Thursday, July 31, 2025
3:30 p.m.

Souad Nejjar
301 405 8135
snejjar@umd.edu

ANNOUNCEMENT: Ph.D. Research Proposal Exam

 

Name: Ismail Cosandal

Committee:

Professor Sennur Ulukus (Chair)

Professor Zhambyl Shaikhanov

Professor Behtash Babadi

Date/time: July 31, 2025 at 3:30 PM

Title: Age of Incorrect Information (AoII) Optimization in Remote Monitoring

Abstract: 

In remote estimation problems, timeliness and correctness of the estimation play a crucial role. In this proposal, we consider several different system models, and aim to obtain optimal sampling policies for them. In our first completed work, we consider a sensor node that observes a random process while it experiences intermittent failures. We utilize a multi-goal communication approach where each successful transmission serves two purposes: i) timely tracking of the observed process, and ii) detecting the failure of the sensor. In our second completed work, we investigate the average age of incorrect information (AoII) minimization problem for push- and pull-based update models. In this work, we propose estimation-based policies for both update models and analyze them by utilizing a phase-type (PH) distribution. In our third completed work, we focus on push-based update model, and study optimum policies under sampling rate constraints. We show that the optimum transmission policy is a multi-threshold policy whose thresholds depend on the estimation and source processes. We extend PH to the multi-regime phase-type (MR-PH) distribution that allows us to find average AoII for a given multi-threshold policy. In our fourth completed work, we consider the AoII minimization problem with a pull-based update model under a pull-request rate constraint. We consider a fixed delay on the channel, thus, the monitor never has the exact knowledge of the state of the source and the AoII value. That is, we investigate an AoII minimization problem without knowing the AoII. The main contribution of this work is to propose a \emph{belief} that corresponds to the joint probability of both the state of the source process and the AoII value. We show that this belief is the best we have, and thus, the optimum policy should be a function of it. Finally, in our fifth completed work, we consider a joint-Markov process where each of its components is observed by a different sensor. From a similar motivation to the previous work, we formulate the belief, which is sufficient statistics for the problem. We also utilize two types of model predictive control (MPC) algorithms.

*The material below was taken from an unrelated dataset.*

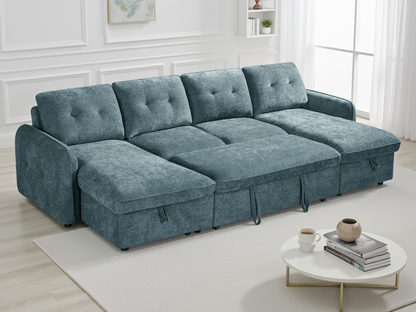 Monaco U-Shape Sofa Bed in Blue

Next, we present three proposed works. In our first proposed work, we aim to adapt the DR-PH method for the discrete-time setting, which will be a first in the literature. Additionally, different from the minimization problem for the average AoII in our previous works, we aim to minimize a general function of the AoII. In our second proposed work, we consider a single-bit quantization method under periodic sampling and constant delay for the timely tracking of a Brownian process, where in each period, the difference between the process and its estimation will be quantized, and the estimation process will be reconstructed by the monitor upon receiving the update. In our third proposed work, we consider a source coding method for the timely tracking of a Markov process with finite number of states. The conventional methods for Markov processes only consider the last transmitted symbol to generate a codebook. However, in a timely tracking problem, the code length for each symbol affects the probability of the next symbol. Therefore, we propose a stochastic control problem formulation that considers this effect while designing joint codebooks.